The proposed Liverpool & Manchester Railway was a serious economic threat to the Bridgewater Canal. that was making a fortune by shipping goods between Liverpool and Manchester. In 1825 shares in the company, originally purchased at 70, were selling at 1,250 and paying an annual dividend of 35. The Marquis of Stafford, who became the principal owner of the canal after the death of the Duke of Bridgewater, was making an annual profit of 100,000 from the venture, and unstandably led the fight against the planned railway. Turnpike Trusts, coach companies and farmers also voiced their opposition.

After the House of Commons rejected Stephenson's proposed route, James Sandars recruited a company run by George Rennie to carry out a new survey and were invited by the company to build it. However, they refused to work with George Stephenson, who they did not consider was a real engineer, and they lost the contract.
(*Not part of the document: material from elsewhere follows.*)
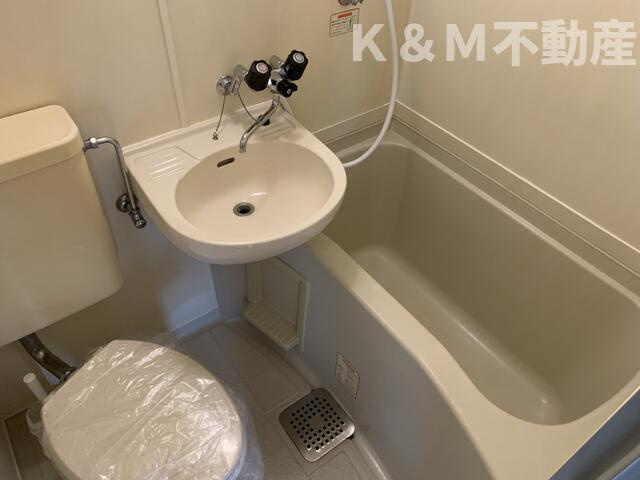 ジュネパレス松戸第１５４の洗面所|忙しい朝には欠かせない洗面所です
After several years of debate, Parliament gave permission for the Manchester & Liverpool Railway to be built in 1826. George Stephenson was faced with a large number of serious engineering problems. This included crossing the unstable peat bog of Chat Moss, a nine-arched viaduct across the Sankey Valley and a two-mile long rock cutting at Olive Mount.

The Liverpool & Manchester railway was 31 miles long and consisted of a double line of rails of the fish-bellied type and laid on stone or timber sleepers. Passenger trains started at the Crown Street Station in Liverpool and after passing Moorish Arch at Edge Hill terminated at Water Street in Manchester.

The directors of the Liverpool & Manchester company were unsure whether to use locomotives or stationary engines on their line. To help them reach a decision, it was decided to hold a competition where the winning locomotive would be awarded 500. The idea being that if the locomotive was good enough, it would be the one used on the new railway.

The competition was held at Rainhill during October 1829. Each competing locomotive had to haul a load of three times its own weight at a speed of at least 10 mph. The locomotives had to run twenty times up and down the track at Rainhill which made the distance roughly equivalent to a return trip between Liverpool and Manchester. Afraid that heavy locomotives would break the rails, only machines that weighed less than six tons could compete in the competition. Ten locomotives were originally entered for the Rainhill Trials but only five turned up and two of these were withdrawn because of mechanical problems. Sans Pareil and Novelty did well but it was the Rocket, produced by George and his son, Robert Stephenson, that won the competition.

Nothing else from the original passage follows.